ライブラリー リエバナ 9月の展示内容お知らせ
ヨーロッパ中世の彩色写本のファクシミリ版を展示しているライブラリーリエバナです。
9月度の展示のお知らせです。
9月はベアトゥスの写本に描かれている世界地図を見比べてみたいと思います。残存するベアトゥスの完本写本22冊のうち14冊の写本に世界地図が描かれています。黙示録には出てこない世界地図がなぜ描かれているのかよくわかりませんが、どうも註解書のなかで述べられている使徒についての解説の中で、「世界地図」は使徒たちが伝道し、教会を創設すべき「地上の全世界」を示しているようです。 地図の形態は、7世紀の神学者イシドールスの「語源論」に描かれている当時使われていた著しく簡略化された世界地図(TO図)の系統です。
9月は下記の5冊を展示します。
【モーガン写本】
マドリード写本と並んで一番初期の10世紀中頃(940-945?)に制作された完本写本。
【バルカバド写本】
970年6月から9月にかけて、レオン王国(スペイン北部)のバルカバード修道院にて製作された。
モーガン写本と同系統の写本。
【サン・スヴェール写本】
ベアトゥス写本の中で唯一ピレネー山脈を越えたフランスの修道院で11世紀後半に制作された写本。
モサラベ様式の中にロマネスク様式がまざった挿絵が見られる。
【オスマ写本】
ファクンドス写本より少し遅れて1086年に完成した写本で、すでにロマネスク様式が入りつつあったのがさらに進んでいる挿絵の様式です。
【ナバーラ写本】
12世紀後半にナバーラ地方のラリオハ地方のアストルガで作られたと考えられています。
挿絵の一番の特徴は、なんといっても地に使われている紫色です。
ロマネスク様式を色濃く残しています。
同時に15世紀前半にドイツ又はイタリアで制作されたと考えられる「プトレマイオス世界図」も展示します。

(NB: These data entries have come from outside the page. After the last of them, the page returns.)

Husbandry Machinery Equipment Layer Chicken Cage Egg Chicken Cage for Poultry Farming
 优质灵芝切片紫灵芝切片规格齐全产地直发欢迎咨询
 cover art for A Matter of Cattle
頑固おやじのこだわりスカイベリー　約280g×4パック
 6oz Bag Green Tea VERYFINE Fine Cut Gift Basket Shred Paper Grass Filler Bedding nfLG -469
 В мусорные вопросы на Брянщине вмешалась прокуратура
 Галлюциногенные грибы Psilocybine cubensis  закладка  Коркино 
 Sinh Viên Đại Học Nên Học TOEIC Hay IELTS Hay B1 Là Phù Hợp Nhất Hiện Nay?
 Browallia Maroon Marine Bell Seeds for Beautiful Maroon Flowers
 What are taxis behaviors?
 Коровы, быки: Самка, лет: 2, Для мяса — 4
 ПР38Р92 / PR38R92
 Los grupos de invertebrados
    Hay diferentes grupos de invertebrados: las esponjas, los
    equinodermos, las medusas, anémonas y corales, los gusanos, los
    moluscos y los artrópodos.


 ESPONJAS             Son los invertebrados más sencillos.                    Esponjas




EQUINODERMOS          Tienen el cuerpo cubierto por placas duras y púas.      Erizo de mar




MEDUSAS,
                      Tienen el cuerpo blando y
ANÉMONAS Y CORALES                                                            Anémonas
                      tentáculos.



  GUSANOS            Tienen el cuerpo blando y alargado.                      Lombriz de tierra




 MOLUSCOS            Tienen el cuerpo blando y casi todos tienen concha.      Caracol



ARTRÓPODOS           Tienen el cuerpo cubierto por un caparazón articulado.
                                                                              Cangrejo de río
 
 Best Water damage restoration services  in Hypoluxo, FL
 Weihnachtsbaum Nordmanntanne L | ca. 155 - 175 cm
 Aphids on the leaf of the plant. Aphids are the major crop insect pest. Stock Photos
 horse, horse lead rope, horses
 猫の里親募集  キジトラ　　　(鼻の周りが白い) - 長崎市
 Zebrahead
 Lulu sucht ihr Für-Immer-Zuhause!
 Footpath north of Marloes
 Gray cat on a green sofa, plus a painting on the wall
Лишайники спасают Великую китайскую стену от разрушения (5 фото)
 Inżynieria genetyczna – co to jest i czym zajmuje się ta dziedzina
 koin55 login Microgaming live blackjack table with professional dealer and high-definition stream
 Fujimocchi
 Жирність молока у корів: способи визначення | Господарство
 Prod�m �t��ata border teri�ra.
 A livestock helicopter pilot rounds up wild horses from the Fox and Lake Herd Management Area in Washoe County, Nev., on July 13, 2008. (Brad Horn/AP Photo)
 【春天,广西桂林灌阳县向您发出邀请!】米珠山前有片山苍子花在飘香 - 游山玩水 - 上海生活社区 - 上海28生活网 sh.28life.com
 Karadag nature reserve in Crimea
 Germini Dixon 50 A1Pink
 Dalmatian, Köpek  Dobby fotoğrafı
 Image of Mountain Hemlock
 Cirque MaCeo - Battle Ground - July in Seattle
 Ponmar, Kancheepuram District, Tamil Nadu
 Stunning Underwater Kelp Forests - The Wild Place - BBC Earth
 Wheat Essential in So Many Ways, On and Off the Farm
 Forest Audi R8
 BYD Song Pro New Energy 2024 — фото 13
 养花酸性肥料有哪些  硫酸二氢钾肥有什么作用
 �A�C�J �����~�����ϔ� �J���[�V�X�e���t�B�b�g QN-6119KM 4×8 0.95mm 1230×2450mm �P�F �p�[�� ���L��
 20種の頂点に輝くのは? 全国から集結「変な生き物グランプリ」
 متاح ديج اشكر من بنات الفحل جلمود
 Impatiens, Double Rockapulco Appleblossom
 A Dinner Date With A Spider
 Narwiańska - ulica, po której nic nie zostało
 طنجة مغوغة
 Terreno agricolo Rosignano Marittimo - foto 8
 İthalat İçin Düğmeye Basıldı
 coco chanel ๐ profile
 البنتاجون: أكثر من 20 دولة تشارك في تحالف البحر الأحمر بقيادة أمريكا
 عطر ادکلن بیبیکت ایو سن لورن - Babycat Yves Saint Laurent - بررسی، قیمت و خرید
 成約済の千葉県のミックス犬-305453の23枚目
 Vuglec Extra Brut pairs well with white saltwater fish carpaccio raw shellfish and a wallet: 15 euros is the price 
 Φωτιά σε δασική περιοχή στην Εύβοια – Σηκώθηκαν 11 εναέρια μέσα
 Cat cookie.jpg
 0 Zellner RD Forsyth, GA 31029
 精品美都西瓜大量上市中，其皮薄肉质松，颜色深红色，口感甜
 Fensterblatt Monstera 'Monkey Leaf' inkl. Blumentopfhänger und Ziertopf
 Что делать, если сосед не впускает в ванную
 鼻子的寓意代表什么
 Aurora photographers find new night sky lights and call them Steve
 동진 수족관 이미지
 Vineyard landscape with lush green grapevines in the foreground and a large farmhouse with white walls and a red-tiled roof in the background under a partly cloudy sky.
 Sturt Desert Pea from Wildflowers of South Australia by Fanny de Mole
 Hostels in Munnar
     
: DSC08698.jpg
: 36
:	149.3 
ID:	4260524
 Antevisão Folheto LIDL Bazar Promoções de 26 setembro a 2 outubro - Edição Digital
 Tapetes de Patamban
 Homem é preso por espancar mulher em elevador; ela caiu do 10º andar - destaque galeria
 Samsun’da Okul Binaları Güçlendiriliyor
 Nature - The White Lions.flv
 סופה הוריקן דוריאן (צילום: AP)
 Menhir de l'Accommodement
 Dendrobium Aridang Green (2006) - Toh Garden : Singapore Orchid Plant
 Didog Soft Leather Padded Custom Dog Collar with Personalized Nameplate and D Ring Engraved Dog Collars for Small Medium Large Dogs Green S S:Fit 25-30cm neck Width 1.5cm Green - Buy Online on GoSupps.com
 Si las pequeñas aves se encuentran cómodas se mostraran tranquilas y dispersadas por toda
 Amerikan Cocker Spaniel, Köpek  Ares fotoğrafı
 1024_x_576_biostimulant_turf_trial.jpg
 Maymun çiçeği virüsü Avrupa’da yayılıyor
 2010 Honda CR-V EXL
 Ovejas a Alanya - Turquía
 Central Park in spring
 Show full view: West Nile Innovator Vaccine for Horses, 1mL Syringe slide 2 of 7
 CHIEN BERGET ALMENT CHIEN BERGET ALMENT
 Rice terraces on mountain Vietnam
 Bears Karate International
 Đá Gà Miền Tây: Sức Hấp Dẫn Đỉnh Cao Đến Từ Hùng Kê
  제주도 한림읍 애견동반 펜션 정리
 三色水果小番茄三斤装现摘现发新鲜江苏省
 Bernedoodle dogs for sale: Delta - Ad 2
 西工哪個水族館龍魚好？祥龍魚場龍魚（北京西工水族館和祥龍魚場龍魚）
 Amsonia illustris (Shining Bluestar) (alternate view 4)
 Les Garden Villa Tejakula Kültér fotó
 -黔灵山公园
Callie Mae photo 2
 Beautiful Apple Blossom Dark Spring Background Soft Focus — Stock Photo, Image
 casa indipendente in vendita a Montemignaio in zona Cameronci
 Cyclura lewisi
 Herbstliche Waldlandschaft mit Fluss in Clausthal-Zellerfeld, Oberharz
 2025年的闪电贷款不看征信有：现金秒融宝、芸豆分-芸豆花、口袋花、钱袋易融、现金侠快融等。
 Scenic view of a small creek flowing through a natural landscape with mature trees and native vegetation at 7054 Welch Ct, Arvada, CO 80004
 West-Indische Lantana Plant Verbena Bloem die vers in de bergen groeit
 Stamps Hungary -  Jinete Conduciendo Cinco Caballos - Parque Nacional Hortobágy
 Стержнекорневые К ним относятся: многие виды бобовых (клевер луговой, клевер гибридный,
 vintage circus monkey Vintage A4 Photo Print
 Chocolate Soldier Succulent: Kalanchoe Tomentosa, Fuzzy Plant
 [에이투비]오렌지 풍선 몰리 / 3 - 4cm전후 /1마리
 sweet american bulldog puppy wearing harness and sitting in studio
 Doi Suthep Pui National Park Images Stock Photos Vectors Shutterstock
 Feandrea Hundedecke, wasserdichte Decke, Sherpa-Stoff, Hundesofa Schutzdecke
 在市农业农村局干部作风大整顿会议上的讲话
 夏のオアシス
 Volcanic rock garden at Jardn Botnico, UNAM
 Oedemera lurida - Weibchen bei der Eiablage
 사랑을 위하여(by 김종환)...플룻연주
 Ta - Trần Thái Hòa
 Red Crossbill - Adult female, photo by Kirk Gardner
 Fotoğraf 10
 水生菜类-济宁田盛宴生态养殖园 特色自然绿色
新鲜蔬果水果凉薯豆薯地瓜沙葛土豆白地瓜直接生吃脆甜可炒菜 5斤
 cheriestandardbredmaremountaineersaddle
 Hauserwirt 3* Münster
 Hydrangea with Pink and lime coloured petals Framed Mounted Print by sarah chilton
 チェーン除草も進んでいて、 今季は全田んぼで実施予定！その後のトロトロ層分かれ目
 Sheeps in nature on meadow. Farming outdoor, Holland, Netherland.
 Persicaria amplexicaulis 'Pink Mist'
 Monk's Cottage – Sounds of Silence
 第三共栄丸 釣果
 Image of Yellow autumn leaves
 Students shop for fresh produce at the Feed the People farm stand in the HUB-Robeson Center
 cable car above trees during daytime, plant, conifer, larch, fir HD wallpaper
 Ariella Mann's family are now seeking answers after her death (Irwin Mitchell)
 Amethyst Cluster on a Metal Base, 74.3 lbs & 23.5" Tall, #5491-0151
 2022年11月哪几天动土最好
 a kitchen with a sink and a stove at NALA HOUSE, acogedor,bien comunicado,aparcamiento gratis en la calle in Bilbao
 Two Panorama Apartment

プトレマイオス自身が作成した地図は失われましたが、150年頃に著された「地理学」に当時の様々な場所(約8000か所)の座標情報が記されており、「地理学」が1300年頃に再評価された際、その座標情報を使いプトレマイオスの世界図を再構成することができました。
ヨーロッパ中世の写本の世界が味わえます。
場所は、豊田市駅からすぐ近くのVITS豊田タウンの地下1階(市民ギャラリー前)です。 外階段から降りて頂くと便利です。ぜひお越しください。